Après que l'on a suivi pendant quelque temps la route suspendue qui parcourt la vallée de Schellenen, on arrive à cette œuvre de Satan, que l'on appelle le Pont-du-Diable. Cette construction surprenante est moins merveilleuse encore que le site où elle est placée. Le pont est jeté entre deux montagnes élevées, au-dessus d'un torrent furieux, dont les eaux tombent par cascades sur des rocs brisés, et remplissent l'air de leur fracas et de leur écume[228].—On ne doit pourtant pas s'étonner excessivement de la hardiesse de cet édifice: Denis le chartreux dit que le Diable est grand architecte; Milton ajoute qu'il excelle à bâtir les ponts[229]; et l'abbé Fiard dit qu'il est habile, plein de force et de génie, et grand physicien[230].
[228] Nouveau voyage en Suisse, d'Hélène Maria Williams, tome 1er, chap. 2.
[229] On sait que Satan a bâti un pont, par lequel on communique de l'enfer à la terre. (Paradis perdu.)

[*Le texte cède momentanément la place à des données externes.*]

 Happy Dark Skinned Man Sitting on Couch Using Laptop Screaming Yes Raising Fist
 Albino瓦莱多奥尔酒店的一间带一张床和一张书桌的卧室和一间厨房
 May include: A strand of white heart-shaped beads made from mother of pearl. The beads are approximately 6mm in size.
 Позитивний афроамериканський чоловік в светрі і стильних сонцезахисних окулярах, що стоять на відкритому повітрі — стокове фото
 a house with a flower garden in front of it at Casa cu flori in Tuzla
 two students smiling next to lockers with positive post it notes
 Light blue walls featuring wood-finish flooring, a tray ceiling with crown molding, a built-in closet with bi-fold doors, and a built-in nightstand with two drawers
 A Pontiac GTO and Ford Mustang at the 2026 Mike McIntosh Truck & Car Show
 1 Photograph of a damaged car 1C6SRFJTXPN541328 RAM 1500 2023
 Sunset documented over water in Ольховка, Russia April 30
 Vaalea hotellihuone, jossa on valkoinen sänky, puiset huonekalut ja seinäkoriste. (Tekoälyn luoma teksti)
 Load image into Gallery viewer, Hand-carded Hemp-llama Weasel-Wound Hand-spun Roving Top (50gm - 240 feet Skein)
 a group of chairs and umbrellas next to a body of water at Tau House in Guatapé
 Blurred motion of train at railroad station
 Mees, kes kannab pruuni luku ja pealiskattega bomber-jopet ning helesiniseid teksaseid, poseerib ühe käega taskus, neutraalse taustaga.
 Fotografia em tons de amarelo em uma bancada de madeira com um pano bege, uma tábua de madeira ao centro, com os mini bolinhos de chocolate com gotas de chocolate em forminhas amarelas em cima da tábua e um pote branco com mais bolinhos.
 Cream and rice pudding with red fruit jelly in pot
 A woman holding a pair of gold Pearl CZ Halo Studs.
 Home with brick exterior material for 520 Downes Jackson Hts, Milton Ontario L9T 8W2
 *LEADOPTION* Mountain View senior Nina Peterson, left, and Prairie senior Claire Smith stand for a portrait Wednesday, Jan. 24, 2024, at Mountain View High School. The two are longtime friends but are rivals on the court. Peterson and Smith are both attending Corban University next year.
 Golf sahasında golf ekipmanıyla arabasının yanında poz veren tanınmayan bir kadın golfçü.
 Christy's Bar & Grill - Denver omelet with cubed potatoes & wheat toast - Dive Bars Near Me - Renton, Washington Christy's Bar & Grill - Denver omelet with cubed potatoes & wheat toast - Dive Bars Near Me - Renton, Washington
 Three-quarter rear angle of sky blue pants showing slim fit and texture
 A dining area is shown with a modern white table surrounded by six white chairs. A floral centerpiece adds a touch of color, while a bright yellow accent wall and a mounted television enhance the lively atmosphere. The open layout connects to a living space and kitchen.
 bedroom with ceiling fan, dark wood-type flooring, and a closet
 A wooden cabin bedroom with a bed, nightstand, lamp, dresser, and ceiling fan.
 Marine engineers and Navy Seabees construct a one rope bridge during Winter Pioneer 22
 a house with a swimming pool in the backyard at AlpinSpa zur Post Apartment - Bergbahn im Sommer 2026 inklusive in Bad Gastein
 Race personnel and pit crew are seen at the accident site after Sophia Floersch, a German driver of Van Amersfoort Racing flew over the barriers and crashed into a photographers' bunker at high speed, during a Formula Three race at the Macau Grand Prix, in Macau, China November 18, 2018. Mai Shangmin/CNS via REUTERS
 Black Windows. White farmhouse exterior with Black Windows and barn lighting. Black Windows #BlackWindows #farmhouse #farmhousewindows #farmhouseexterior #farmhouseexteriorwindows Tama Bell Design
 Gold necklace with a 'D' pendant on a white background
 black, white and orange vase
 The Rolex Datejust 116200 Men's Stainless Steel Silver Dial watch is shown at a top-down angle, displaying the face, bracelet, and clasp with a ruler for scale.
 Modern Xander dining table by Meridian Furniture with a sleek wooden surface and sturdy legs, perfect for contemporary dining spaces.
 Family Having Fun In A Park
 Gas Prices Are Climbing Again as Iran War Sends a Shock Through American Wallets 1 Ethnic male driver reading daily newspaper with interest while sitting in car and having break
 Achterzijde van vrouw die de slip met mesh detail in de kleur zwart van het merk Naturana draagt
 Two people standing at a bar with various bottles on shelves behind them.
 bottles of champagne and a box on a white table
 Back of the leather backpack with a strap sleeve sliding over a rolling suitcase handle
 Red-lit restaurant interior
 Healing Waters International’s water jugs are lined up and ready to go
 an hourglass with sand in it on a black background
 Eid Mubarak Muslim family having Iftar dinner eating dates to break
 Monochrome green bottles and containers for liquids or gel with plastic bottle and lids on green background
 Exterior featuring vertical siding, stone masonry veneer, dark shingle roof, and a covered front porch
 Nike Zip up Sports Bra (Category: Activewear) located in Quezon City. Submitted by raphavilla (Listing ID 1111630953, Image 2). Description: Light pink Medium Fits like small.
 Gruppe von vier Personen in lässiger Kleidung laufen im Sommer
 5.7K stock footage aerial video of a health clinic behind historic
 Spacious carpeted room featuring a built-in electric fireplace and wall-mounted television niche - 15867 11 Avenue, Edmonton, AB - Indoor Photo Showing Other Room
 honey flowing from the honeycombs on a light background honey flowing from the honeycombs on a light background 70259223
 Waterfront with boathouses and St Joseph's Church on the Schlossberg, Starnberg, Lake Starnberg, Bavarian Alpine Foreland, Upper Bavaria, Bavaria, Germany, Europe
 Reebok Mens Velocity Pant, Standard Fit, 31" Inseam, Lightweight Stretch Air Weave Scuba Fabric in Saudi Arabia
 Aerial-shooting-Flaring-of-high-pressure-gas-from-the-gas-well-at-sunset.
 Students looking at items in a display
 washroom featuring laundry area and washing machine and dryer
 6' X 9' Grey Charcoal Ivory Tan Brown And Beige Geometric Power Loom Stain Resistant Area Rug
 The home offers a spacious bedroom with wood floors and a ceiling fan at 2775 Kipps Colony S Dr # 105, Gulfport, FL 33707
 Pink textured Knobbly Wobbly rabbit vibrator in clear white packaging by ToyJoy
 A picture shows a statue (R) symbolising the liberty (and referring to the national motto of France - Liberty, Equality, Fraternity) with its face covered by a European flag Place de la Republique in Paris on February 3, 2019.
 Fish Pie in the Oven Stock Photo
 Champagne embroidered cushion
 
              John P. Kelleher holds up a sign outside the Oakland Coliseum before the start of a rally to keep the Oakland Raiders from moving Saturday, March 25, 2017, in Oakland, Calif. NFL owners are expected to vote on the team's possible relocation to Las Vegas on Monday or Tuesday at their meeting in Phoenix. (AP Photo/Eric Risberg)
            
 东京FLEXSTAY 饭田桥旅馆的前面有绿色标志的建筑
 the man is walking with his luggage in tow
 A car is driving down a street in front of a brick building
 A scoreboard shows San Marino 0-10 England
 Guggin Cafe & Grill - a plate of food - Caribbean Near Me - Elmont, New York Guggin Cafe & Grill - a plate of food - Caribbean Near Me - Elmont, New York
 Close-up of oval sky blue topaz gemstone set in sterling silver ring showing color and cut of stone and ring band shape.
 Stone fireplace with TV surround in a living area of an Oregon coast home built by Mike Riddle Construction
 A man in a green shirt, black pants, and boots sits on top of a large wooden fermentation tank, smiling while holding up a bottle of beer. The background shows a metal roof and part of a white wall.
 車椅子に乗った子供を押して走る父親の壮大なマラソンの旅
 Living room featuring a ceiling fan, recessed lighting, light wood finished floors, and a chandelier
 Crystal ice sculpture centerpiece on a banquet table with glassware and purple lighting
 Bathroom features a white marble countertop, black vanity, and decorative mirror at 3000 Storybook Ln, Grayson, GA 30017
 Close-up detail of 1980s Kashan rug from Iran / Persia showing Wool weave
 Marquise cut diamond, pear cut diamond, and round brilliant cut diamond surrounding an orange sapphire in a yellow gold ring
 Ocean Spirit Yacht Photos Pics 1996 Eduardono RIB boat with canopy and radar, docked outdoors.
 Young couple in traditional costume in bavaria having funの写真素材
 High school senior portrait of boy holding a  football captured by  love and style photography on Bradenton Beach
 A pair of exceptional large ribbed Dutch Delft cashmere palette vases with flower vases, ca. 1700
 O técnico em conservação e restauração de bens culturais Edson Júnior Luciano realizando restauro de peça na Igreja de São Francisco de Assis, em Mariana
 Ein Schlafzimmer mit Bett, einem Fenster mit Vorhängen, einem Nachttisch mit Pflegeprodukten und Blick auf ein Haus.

[230] La France trompée par les magiciens et démonolâtres du 18e siècle.
—L'Angleterre et l'Écosse étaient autrefois séparées par une grande et fameuse muraille, dont quelques débris ont été jusqu'à ce jour respectés par le temps. Le ciment en est si fort, et les pierres si bien jointes, que les habitans laissent au Diable l'honneur de cette construction; et on ne l'appelle pas autrement que la muraille du Diable.
—Nous ne ferons point ici l'ennuyeuse nomenclature des ouvrages des démons. Il nous suffit de prouver qu'on leur a attribué de grandes choses et accordé de grands talens. Quant aux hommes qui ont dû leur mérite au Diable, le nombre en est immense; et on n'a cité que quelques-uns des plus connus. Qu'on lise un très-succulent et très-docte ouvrage de notre temps: les Précurseurs de l'antéchrist; qu'on s'endorme encore avec les Superstitions et Démonolâtrie des philosophes, etc., imprimés chez Rusand, à Lyon; on apprendra que tous les grands hommes du dernier siècle, tels que Voltaire, Diderot, Holbach, et autres impies, n'étaient purement et simplement que des démons, envoyés par l'enfer pour préparer la venue de l'antéchrist, dont l'heure est proche. Ceux qui ont hanté Voltaire ne se doutaient peut-être pas qu'ils commerçaient avec le Diable. Mais c'est comme cela; et maintenant encore, il y a en France bon nombre de démons, qui y font des choses que la décence et la morale empêchent de nommer.